On the east side of New Mexico, where irrigation water has to be pumped from depleted aquifers or lakes, teff could serve as a water-conserving alternative crop. So says Leonard Lauriault, NMSU forage research agronomist.
“Once it’s established, if it’s on an irrigation system, it will produce equally well with about half the water you would apply to alfalfa,” he says.
He sees teff as following a crop that comes off in June, like spring oats. If planted next to alfalfa, the teff could “share” irrigation water with the legume.
“Alfalfa is much more water-use efficient in the spring,” Lauriault explains. The first half of the growing season is when growers should fully irrigate the legume.
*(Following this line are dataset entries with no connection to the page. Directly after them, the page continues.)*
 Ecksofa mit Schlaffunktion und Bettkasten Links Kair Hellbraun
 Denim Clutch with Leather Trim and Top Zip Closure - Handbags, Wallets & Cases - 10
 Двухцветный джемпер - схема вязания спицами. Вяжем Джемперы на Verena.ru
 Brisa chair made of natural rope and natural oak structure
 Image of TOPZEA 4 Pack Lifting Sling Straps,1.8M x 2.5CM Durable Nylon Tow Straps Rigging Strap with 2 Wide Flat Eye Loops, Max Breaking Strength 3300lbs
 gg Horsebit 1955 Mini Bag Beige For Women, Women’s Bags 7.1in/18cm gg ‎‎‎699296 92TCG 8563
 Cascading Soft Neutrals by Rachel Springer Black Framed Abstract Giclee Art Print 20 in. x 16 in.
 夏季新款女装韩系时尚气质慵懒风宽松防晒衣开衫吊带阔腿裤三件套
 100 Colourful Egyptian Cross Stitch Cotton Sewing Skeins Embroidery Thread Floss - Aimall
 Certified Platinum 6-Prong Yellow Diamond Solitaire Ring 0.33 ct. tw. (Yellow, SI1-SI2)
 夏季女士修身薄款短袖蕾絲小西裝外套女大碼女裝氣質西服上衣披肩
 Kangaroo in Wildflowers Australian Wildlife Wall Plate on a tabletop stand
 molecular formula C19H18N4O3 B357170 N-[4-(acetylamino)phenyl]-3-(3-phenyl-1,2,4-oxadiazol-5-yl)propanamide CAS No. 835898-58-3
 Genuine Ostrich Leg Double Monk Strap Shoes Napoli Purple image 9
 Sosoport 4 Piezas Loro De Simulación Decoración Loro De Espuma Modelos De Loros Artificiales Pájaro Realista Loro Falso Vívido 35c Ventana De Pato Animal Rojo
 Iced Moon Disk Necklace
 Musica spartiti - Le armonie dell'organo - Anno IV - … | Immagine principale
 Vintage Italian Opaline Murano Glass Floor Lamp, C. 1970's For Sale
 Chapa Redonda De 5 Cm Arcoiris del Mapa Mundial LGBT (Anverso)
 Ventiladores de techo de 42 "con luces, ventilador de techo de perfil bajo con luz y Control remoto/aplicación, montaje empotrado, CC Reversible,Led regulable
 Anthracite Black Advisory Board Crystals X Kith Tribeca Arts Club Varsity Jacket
Around mid-June, they could redirect the irrigation system to teff to produce about the same yield as alfalfa would, but with half the water.
Marsalis says that this strategy could also work in the Middle Rio Grande Valley where water supplies from irrigation districts may be reduced late in the season due to water storage shortages.
“A short irrigation season has been predicted this year as a result of low snowpack and low reservoir levels. Teff gives hay producers an option to produce more with less water,” he says.